Gold-Answer STaR / SD-Zero (3-seed)

The ceiling condition. Model revises with the gold answer visible, producing "rationalized" solutions. Sets the upper bound for all retry-based methods at +12.0pp with tight reproducibility.

+12.0 +/- 0.7 pp (3 seeds)

MATH 3-SEED CONFIRMED CEILING

Hypothesis

Providing the gold answer during retry should maximize revision success rate (the model knows exactly what to aim for). This is the original STaR mechanism (Zelikman et al., 2022) and what He et al. (2026) call "SD-Zero." It should be the best possible single-retry method.

Expected: Best outcome for retry methods. Sets the ceiling.

Actual: +12.0pp, confirmed as ceiling. But only ~3pp above bare "try again" (+8.8pp).

Method

First attempt: Generate one solution per problem at T=0.7.
Retry with gold answer: For failures, append "The correct answer is [GOLD]. Please solve the problem showing how to arrive at this answer."
Filter: Keep only solutions that correctly derive the gold answer.
SFT: Fine-tune on (originally correct) + (successful rationalizations).

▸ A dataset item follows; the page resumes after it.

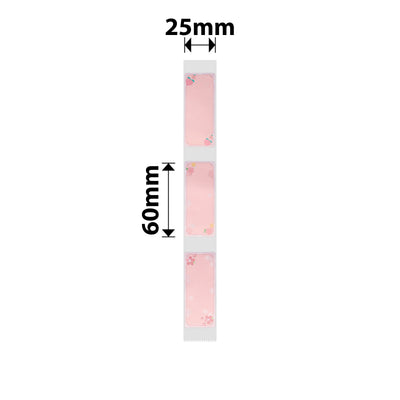 NB375 - NIIMBOT - D11 / D101 / D110 / H1S - 25X60MM - 110 SAKURA ERYA LABELS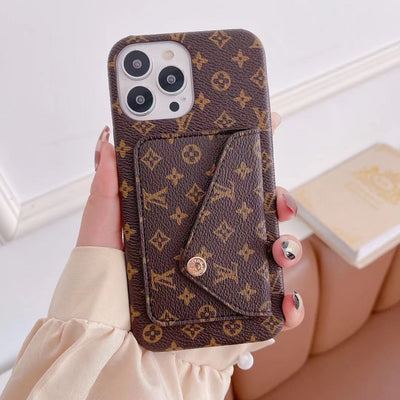 Louis Vuitton Monogram Canvas Card Holder with Iconic Design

This is "SD-Zero" from He et al. (2026): self-revision conditioned on gold answer, filtered, SFT.

Configuration

ModelQwen3-1.7B

DatasetNuminaMath-CoT-10k

Eval benchmarkMATH-500 (pass@1)

Training steps500

Learning rate2e-5

LoRA rank16

Seeds42, 123, 456

PI contentGold answer (correct)

Revision success~60%

Hardware1x H200 (p5en.48xl)

Runtime~2.5h per seed

Results

Seed	Baseline	Post-training	Delta
42	40.8%	52.9%	+12.1pp
123	40.8%	52.1%	+11.3pp
456	40.8%	53.5%	+12.7pp
Mean	40.8%	52.8%	+12.0 +/- 0.7pp

Decomposing the +12.0pp

Component	Contribution	Evidence
Failure signal (retry trigger)	+8.8pp (73%)	Bare "try again" gives +8.8pp
Higher success rate from gold	+3.2pp (27%)	Gap: 12.0 - 8.8 = 3.2pp
Information guiding reasoning	~0pp	Wrong PI gives +9.8pp (noise band)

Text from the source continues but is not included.